The exchange offers and related consent solicitations are being made pursuant to the terms and subject to the conditions set forth in an offering memorandum and consent solicitation statement and a related letter of transmittal, each dated November 29, 2016. (Original Source)
Shares of Freeport-McMoRan are up nearly 3% to $15.40 in pre-market traing. FCX has a 1-year high of $16.42 and a 1-year low of $3.52. The stock’s 50-day moving average is $9.78 and its 200-day moving average is $11.19.
On the ratings front, FCX stock has been the subject of a number of recent research reports. In a report issued on November 21, Cowen analyst Anthony Rizzuto reiterated a Buy rating on FCX, with a price target of $20, which implies an upside of 34% from current levels. Separately, on November 17, Deutsche Bank’s Chris Terry downgraded the stock to Hold and has a price target of $13.80.
According to TipRanks.com, which ranks over 7,500 financial analysts and bloggers to gauge the performance of their past recommendations, Anthony Rizzuto and Chris Terry have a yearly average return of 7.8% and 22.9% respectively. Rizzuto has a success rate of 63% and is ranked #751 out of 4241 analysts, while Terry has a success rate of 100% and is ranked #2342.
Overall, 2 research analysts have rated the stock with a Sell rating, 5 research analysts have assigned a Hold rating and 2 research analysts have given a Buy rating to the stock. When considering if perhaps the stock is under or overvalued, the average price target is $20.00 which is 33.6% above where the stock closed yesterday.

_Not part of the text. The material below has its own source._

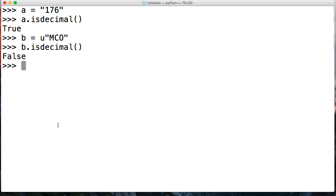MCO is definitely not a decimal identifier in the Unicode decimals list. So we get False.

Freeport-McMoRan, Inc. engages as copper, gold and molybdenum mining company. It operates through the following segments: North America Copper Mines, South America Copper Mines, Africa Mining, Indonesia Mining, and Molybdenum Mining. The North America Copper Mines segment operates seven open-pit copper mines in North America- Morenci, Bagdad, Safford, Sierrita and Miami in Arizona, and Chino and Tyrone in New Mexico. The South America Copper Mines segment has two copper mines-Cerro Verde in Peru and El Abra in Chile. The Africa Mining segment operates in the Tenke Fungurume minerals district in the Katanga province of the Democratic Republic of Congo which produces copper and cobalt hydroxide. The Indonesia Mining segment includes copper and gold deposits at the Grasberg minerals district in Papua. The Molybdenum Mining segment operates at the Henderson and Climax primary molybdenum mines in Colorado.